Internet for Peace non è stata una campagna di marketing (dice Riccardo Luna)
Internet for Peace non è stata una campagna di marketing
Da leggere. Come è da leggere, in perfetto stile grillinista la chiusa dell'articolo "Come sempre certe accuse qualificano chi le muove. E anche certe risposte. Il tempo dirà chi aveva ragione."
Questo l'articolo, che consiglio di leggere sulla sua sede naturale, ovvero Wired.it
"Subito dopo l'annuncio del Nobel della Pace a Liu Xiaobo, sono comparsi due post complessivamente molto critici sul valore culturale di Internet for Peace, ridimensionato ad una mera campagna di marketing per il giornale. Ma non sarebbe esatto dire che i due autori hanno aspettato l'annuncio di Oslo per dire la loro: Mirko Pallera e Max Cavazzini in passato si erano già espressi con gli stessi toni e gli stessi argomenti. C'è una coerenza in loro che non offusca il tempismo. Avrei poco da aggiungere: le loro sono opinioni, non mi fanno piacere naturalmente, ma ciascuno può pensarla come crede. La Rete è piena dei materiali prodotti in dieci mesi di campagna: ciascuno può guardarsi il video di Negroponte, leggere la lettera di Yoani Sanchez, seguire l'impegno di Shirin Ebadi, e giudicare l'autenticità della campagna fatta.

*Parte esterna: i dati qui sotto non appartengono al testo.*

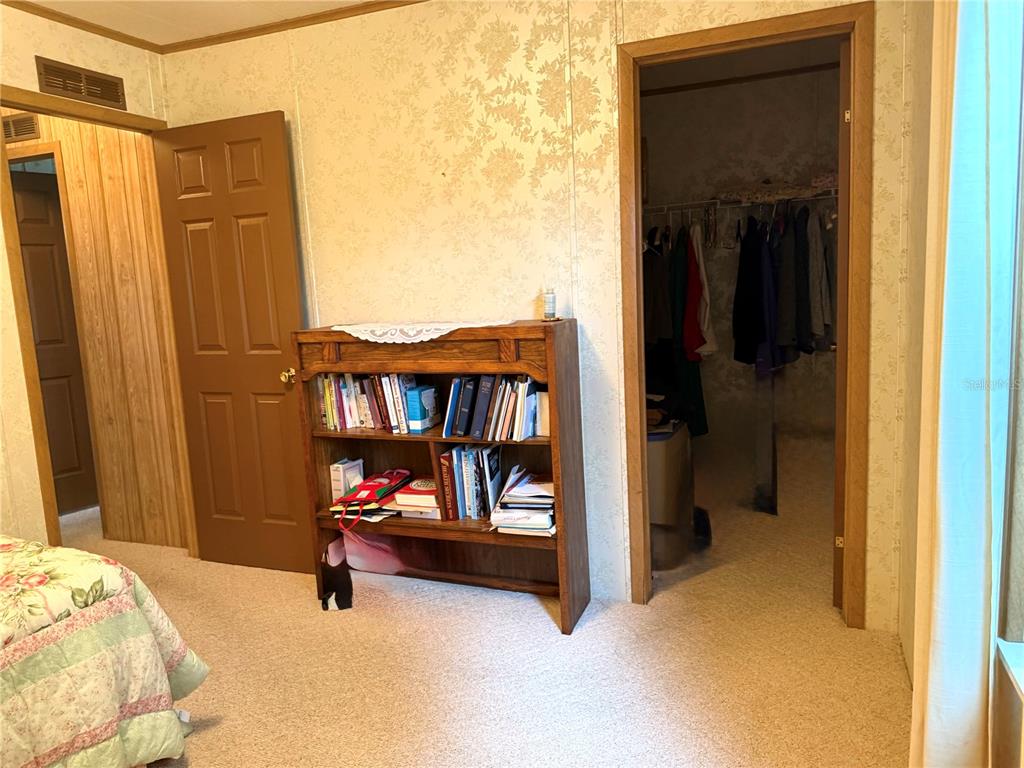 8242 Fiesta Street Brooksville, FL 34613 - Photo 18 of 31 a bedroom with a bed and a book shelf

I due post però hanno chiamato in causa anche i lettori di Wired che hanno aderito alla campagna, ingenuamente, secondo Pallera e Cavazzini. E su Twitter alcuni mi chiedono di rispondere ai fatti contestati. Lo faccio volentieri, provando ad essere esaustivo. 1 – “Dietro la campagna di Internet for Peace c'è Wired”. E' vero, e come direttore ne sono onorato. Abbiamo ideato la campagna e l'abbiamo sostenuta con passione per oltre trecento giorni.
2 – “Dietro Wired c'è Condé Nast, l'editore di Vogue”. Anche questo è vero, ma aggiungo: e allora?

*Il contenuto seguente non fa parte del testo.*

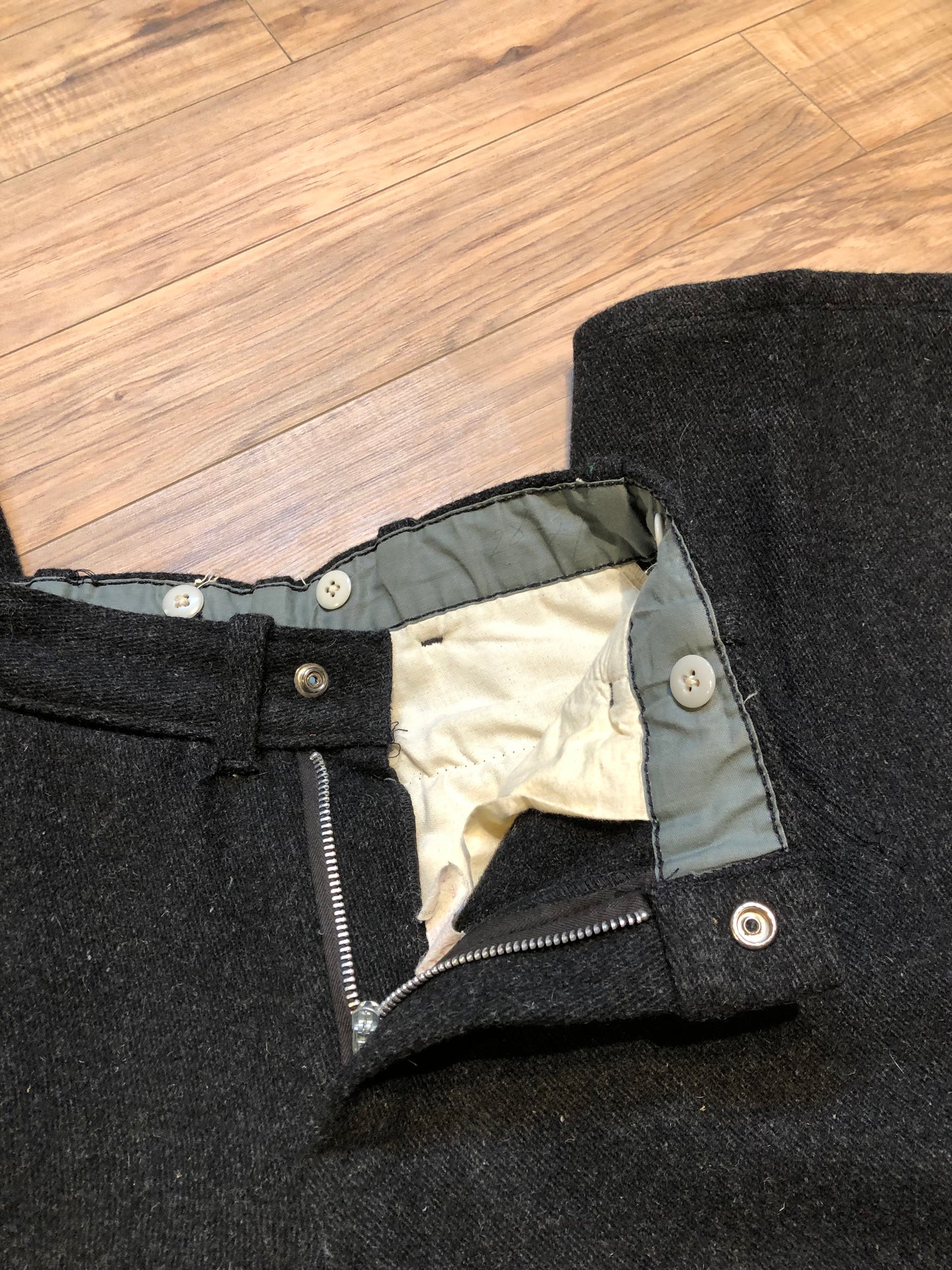 Kingspier Vintage - Vintage 1960’s Codet heavy weight wool pants in charcoal colour with zip fly and front and back pockets.
Made in Canada.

3 - “La campagna è stata voluta da Ogilvy per posizionare Wired”. Questo non è esatto. Ogivily, com'è noto a molti, ha gestito il lancio di Wired in Italia. Il rapporto con l'agenzia – dal punto di vista contrattuale - è finito qui. Non quello con Paolo Iabichino, il direttore creativo, che è persona che stimo (ha inventato il concetto di Invertising, seguite il suo blog su wired.it). Ho raccontato più volte, l'ultima sul Post di Luca Sofri il 20 settembre, che il manifesto di Internet for Peace è stato scritto assieme a Paolo al quale mi ero rivolto per un consiglio. E' una colpa? Il fatto che l'abbia scritto uno che nella vita fa il direttore creativo lo rende fasullo? Non credo.

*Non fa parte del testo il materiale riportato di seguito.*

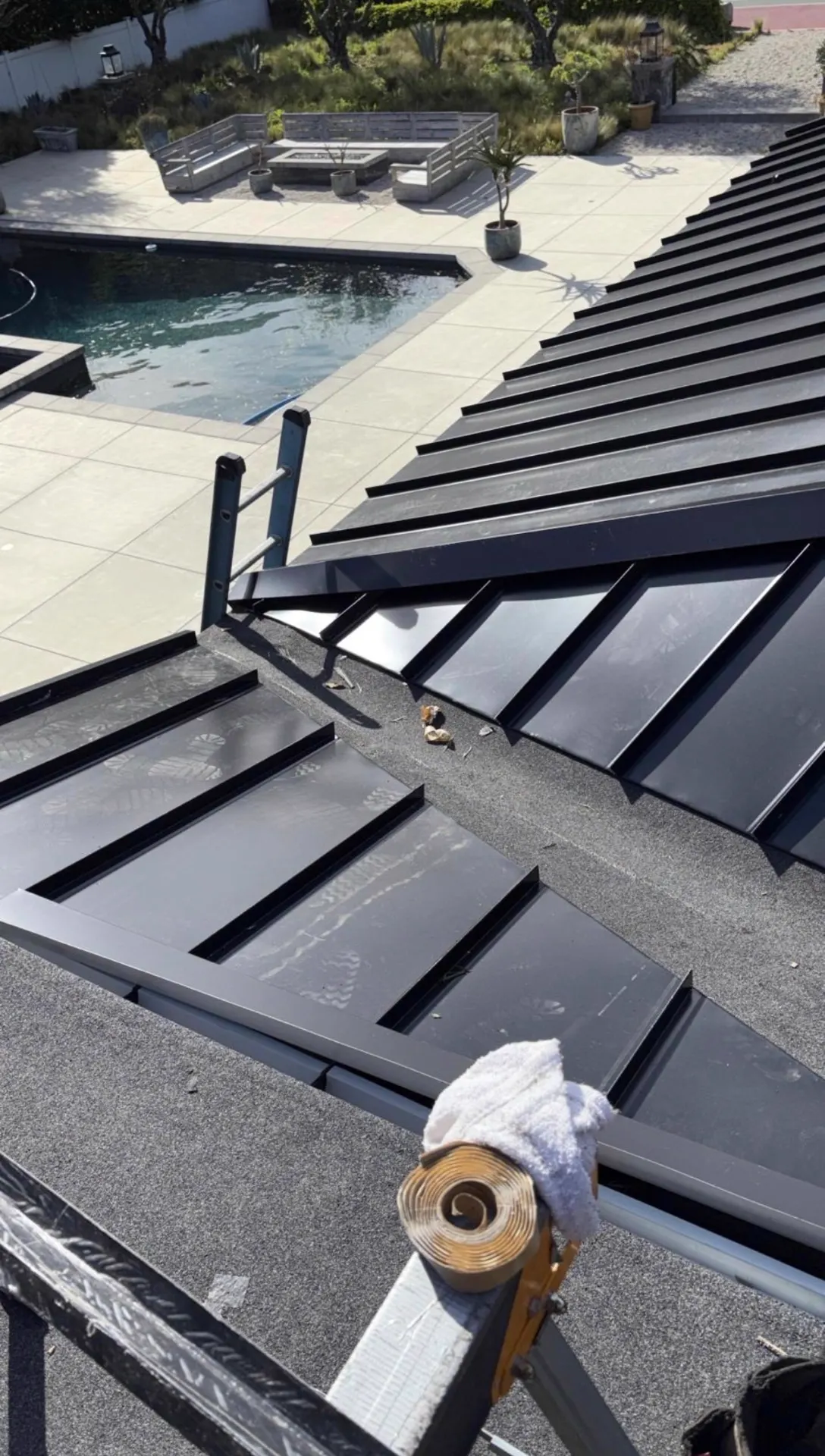 Standing seam metal roof panels and valley detail above a backyard pool deck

4 – “La campagna è servita a far vendere più copie a Wired”. Anche questo purtroppo è falso. Non credo di mettere in imbarazzo nessuno se rivelo che il mio editore è stato sempre contrario a Internet for Peace. Per un motivo semplicissimo. Non serviva al giornale, non faceva vendere più copie. Ma aggiungo che mai mi è stato impedito di fare nulla a Wired. La libertà editoriale di cui godo è un lusso: l'unico limite che mi viene dato sono i risultati del giornale. Con Internet for Peace, me ne rendo conto, ho rischiato parecchio: pensare di vendere più copie di un giornale parlando dell'esule birmano Ashin Mettacara invece di Ashton Kutcher, o del blogger georgiano Georgy Jakhaia invece di George Clooney, vuol dire essere pazzi. Io non sono pazzo, non ho pensato un solo istante che quelle storie mi avrebbero fatto vendere più copie, ma pensavo giusto pubblicarle perché quelle voci avessero più forza.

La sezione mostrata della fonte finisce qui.